Arbitrator Sims followed Arbitrator Clarke and came to the same conclusion in

CROA 4584.

Most recently, Arbitrator Weatherill, in CROA&DR 4695-M , dealt with a dismissal

grievance involving a foreman who was subject to a substance abuse test after a derail

incident. The results were a negative breath alcohol and oral fluid test and a positive urine

test, results which are similar to a number of these cases including the one before this

arbitrator. Citing Arbitrator Picher in CROA 4240 , Arbitrator Weatherill noted that having

marijuana in one’s body is not conclusive of impairment. He states:

Having traces of marijuana in the body may raise a question of whether there is impairment, but that bit of evidence by itself is not enough to establish impairment, whereas the negative breath alcohol and oral fluid tests strongly indicate that there was not. There is no suggestion

whatever that the grievor’s conduct, movements or verbal behaviour were indicative of impairment.

I have no difficulty arriving at the same conclusion reached by Arbitrator Weatherill,

as have other arbitrators from this Office before him, that a urine drug test that uncovers

traces of marijuana is not conclusive of impairment. As he succinctly put it “…that bit of

evidence by itself in not enough to establish impairment, whereas the negative breath

alcohol and oral fluid tests strongly indicate there was not ”. Apart from the stand-alone

unreliability of the urine test as an indicator of impairment, it is noteworthy that Arbitrator

Weatherill cited the contradictory results between the oral fluid test and the urine drug

test as further support for his finding of insufficient evidence of impairment.

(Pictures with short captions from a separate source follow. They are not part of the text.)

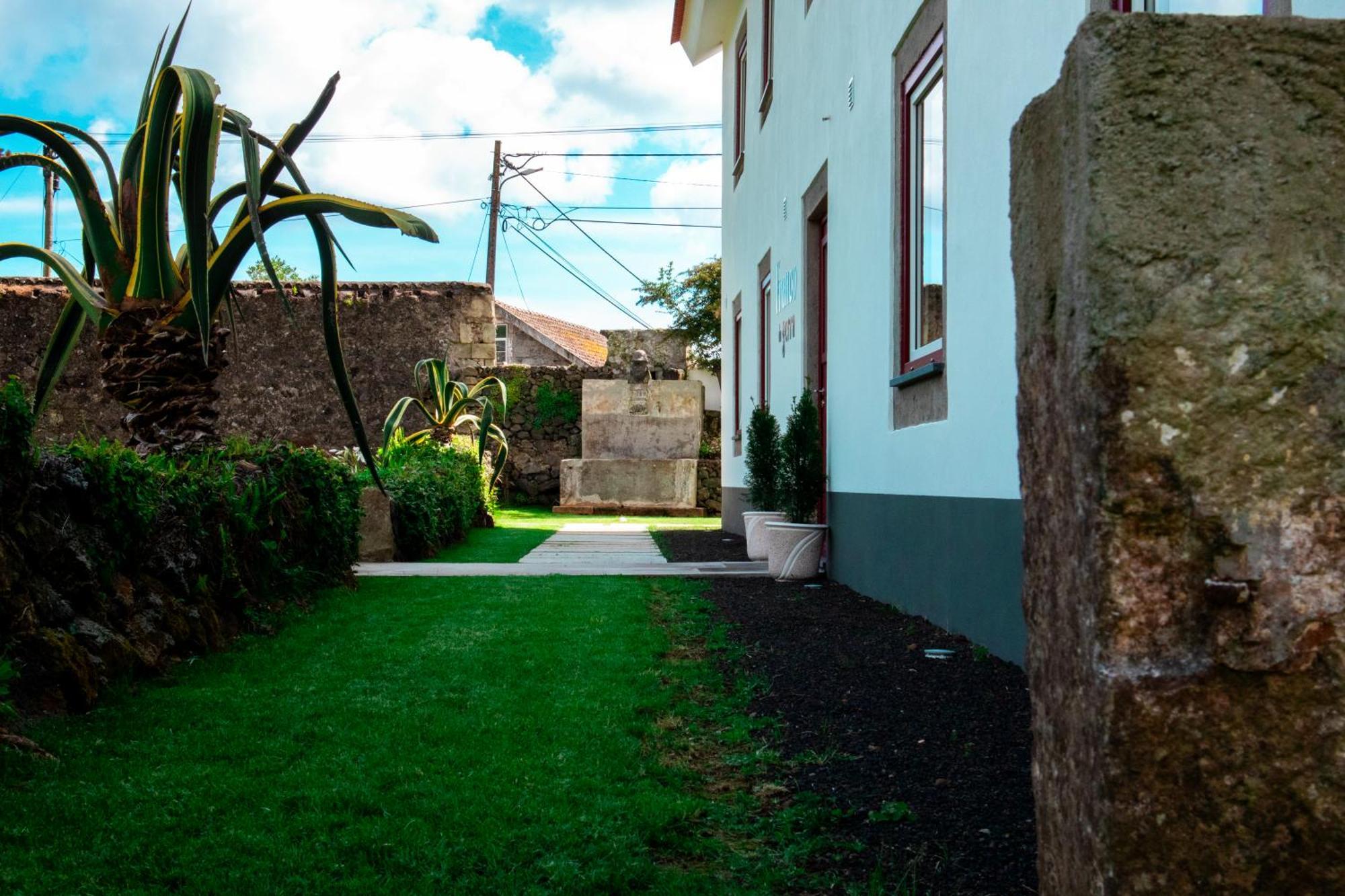 Casa De Campo Franco Da Serra Angra do Heroísmo Zewnętrze zdjęcie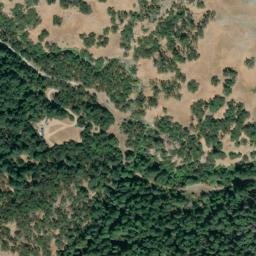 Satellite imagery of Thompson Ridge, US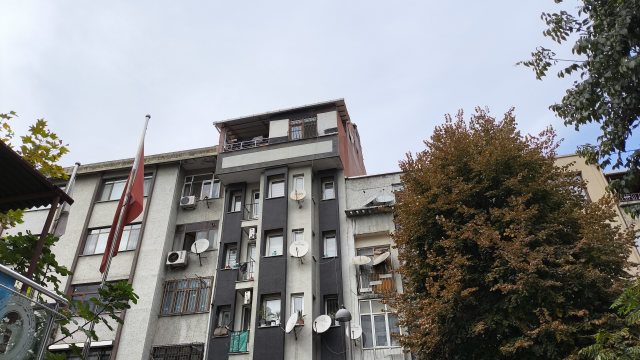 Illegal Floor Madness in Fatih: Two Illegal Floors on Top of Each Other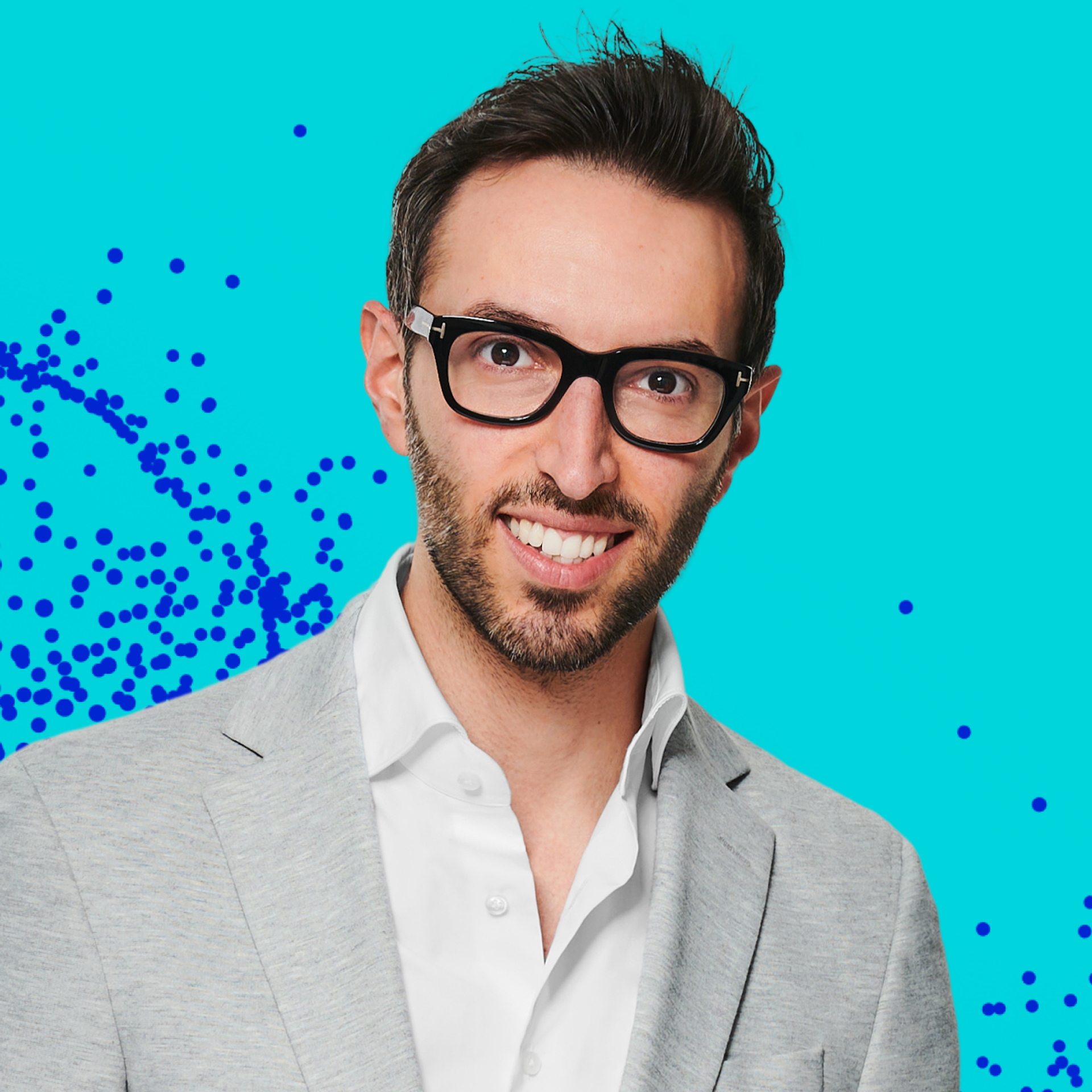 Alessandro Di Bernardo ist Ihr Ansprechpartner auf dem VMK 2026.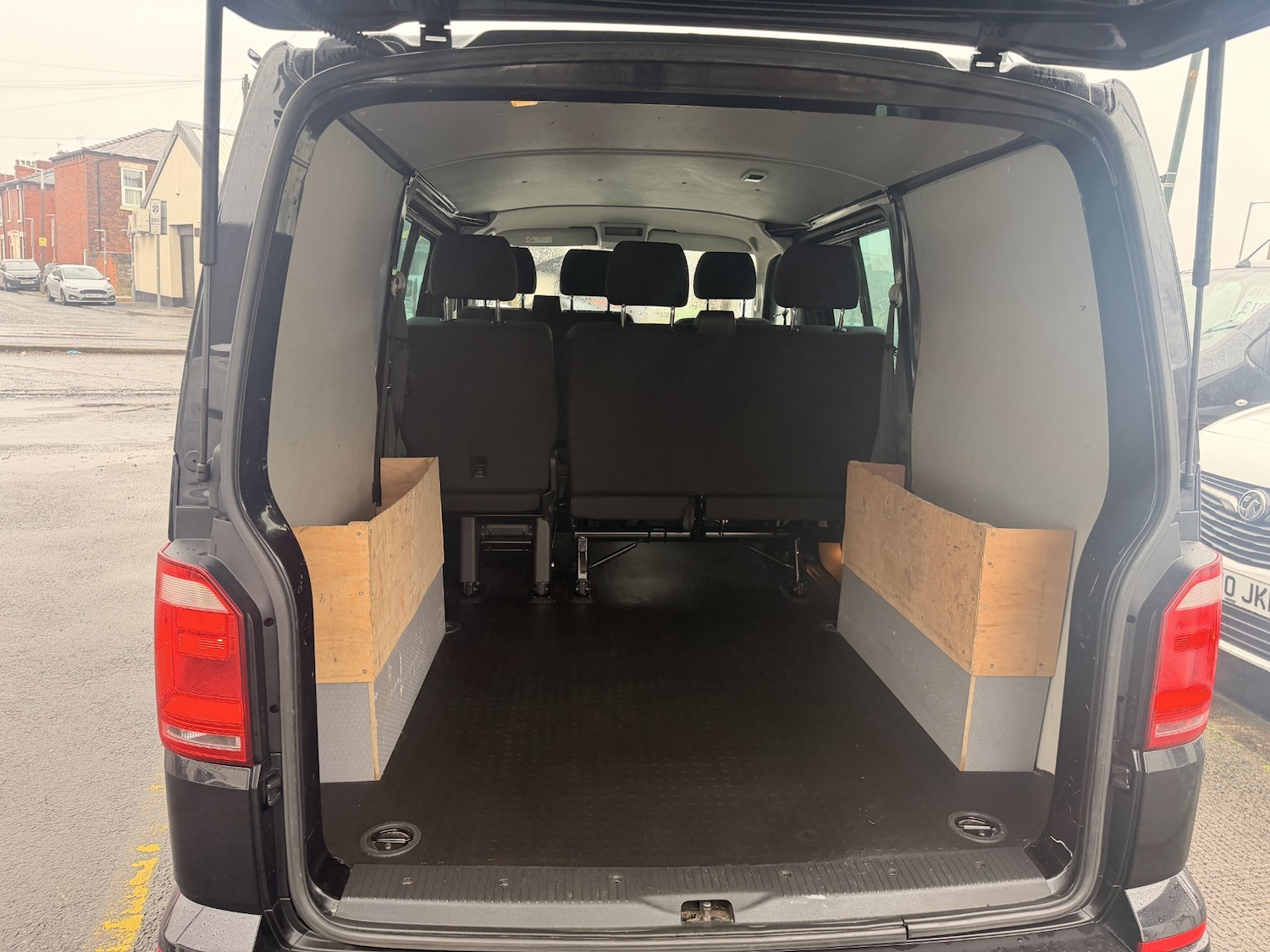 Used Volkswagen Transporter 2019 for sale - 77326488: Photo 24
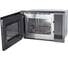Микроволновая печь встраиваемая Exiteq EXM-109 black E60010 2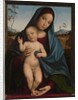 Madonna and Child, 1490-9 by Il (1450-1517) Francia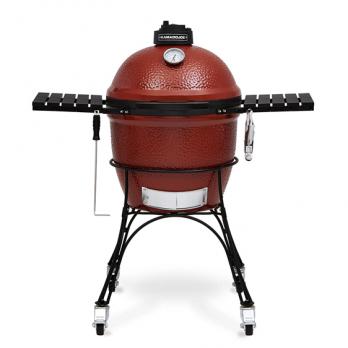 Угольный гриль Kamado Joe Classic Joe Red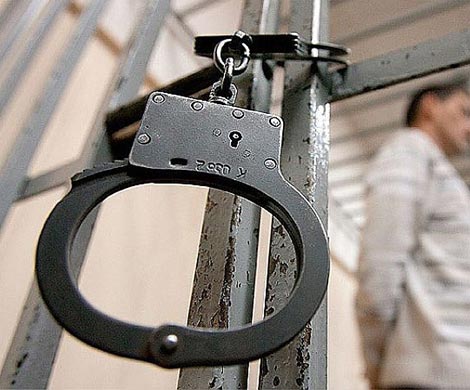 Обвиняемый пытался взорвать здание суда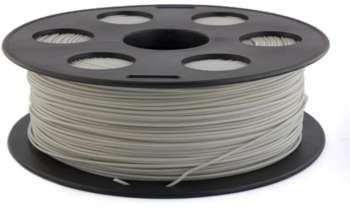 Пластик 3D BESTFILAMENT Пластик для принтера 3D st_petg_1kg_1.75_light-gra PETG d1.75мм 1кг 1цв.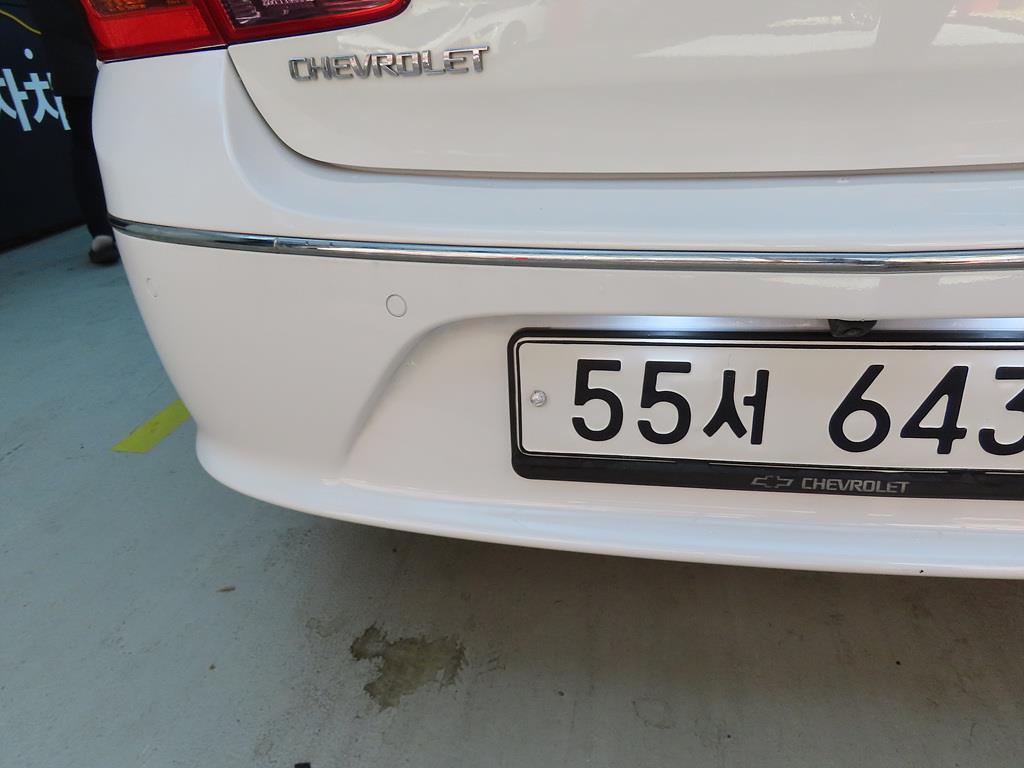 Chevrolet Cruise 2015 Blanco - Importación desde Corea - HF Imports Iquique - Foto 18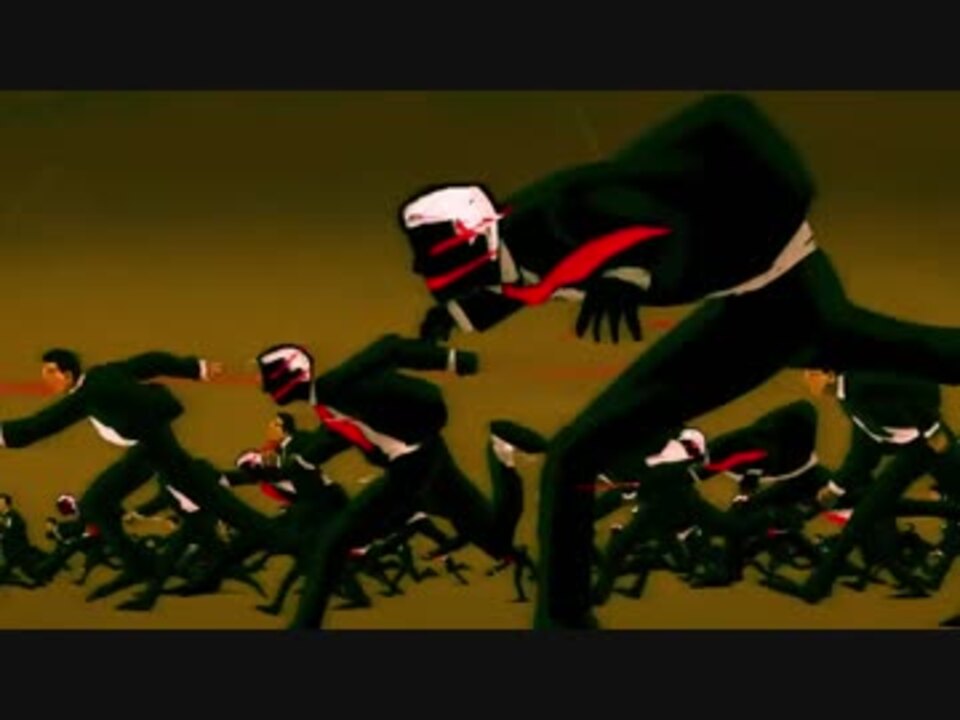 闘う戦士 ホモ たちへ愛を込めて ニコニコ動画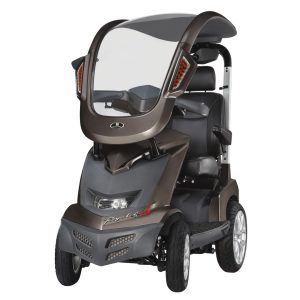 Drive Medical Royale 4 Sport Mobility Scooter – Premium 8mph Road‑Legal Class 3 Performance Scooter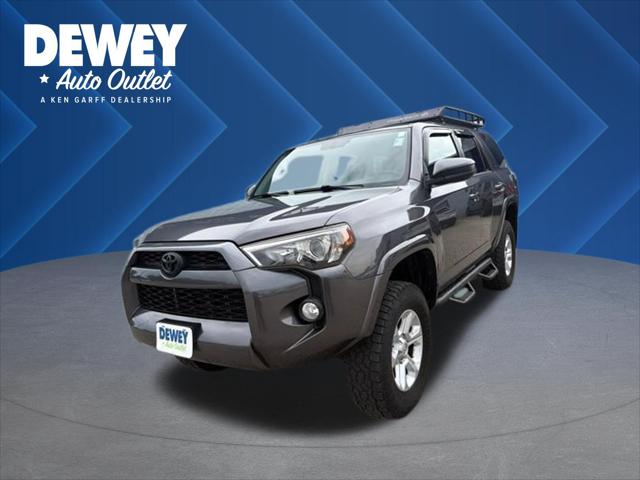 2018 Toyota 4Runner SR5 for sale in Des Moines, IA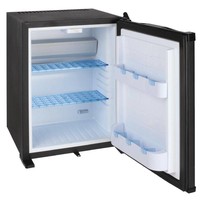 Mini Koelkast met Slot | 30L | Staal - BEST VERKOCHT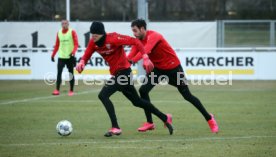 VfB Stuttgart Training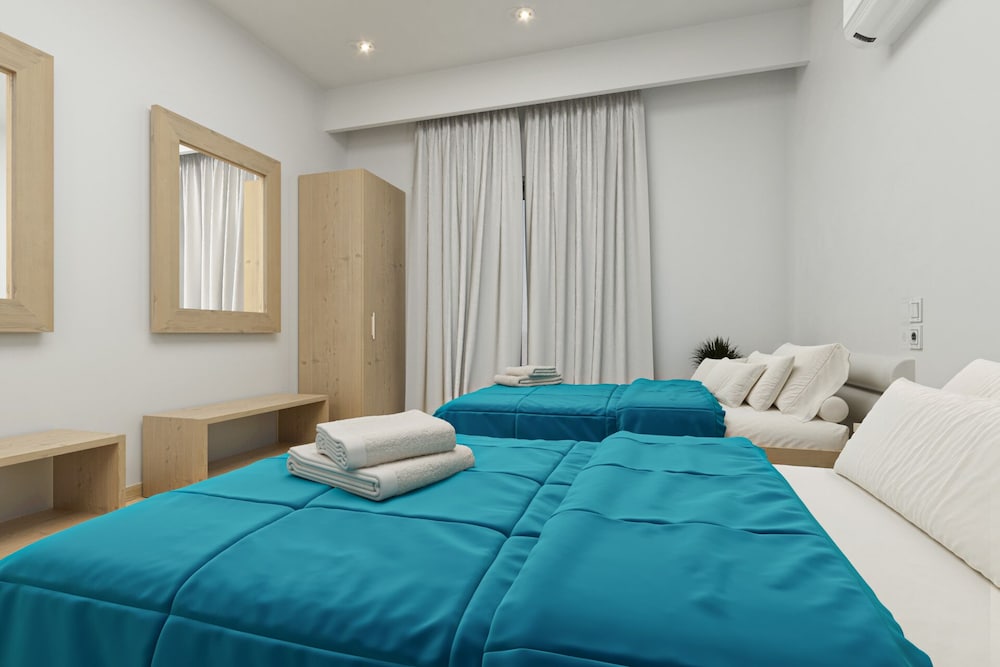 Caretta Paradise Resort & Waterpark — Hotel rooms in Tsilivi, Ionian Islands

The final issue is with respect to the Union’s request for damages. This request

must be put into context. Cannabis has only been legislated as a legal substance for

approximately one year. The rules relating to criminal enforcement for its possession and

use are no longer applicable. With this in mind, I do not view that it is appropriate to

consider an award of damages at this time despite the repeated findings of this Office

that a positive drug urine test is not of itself evidence of impairment.

The grievor shall be reinstated to his employment, without loss of seniority, and

with full compensation for his loss of earnings.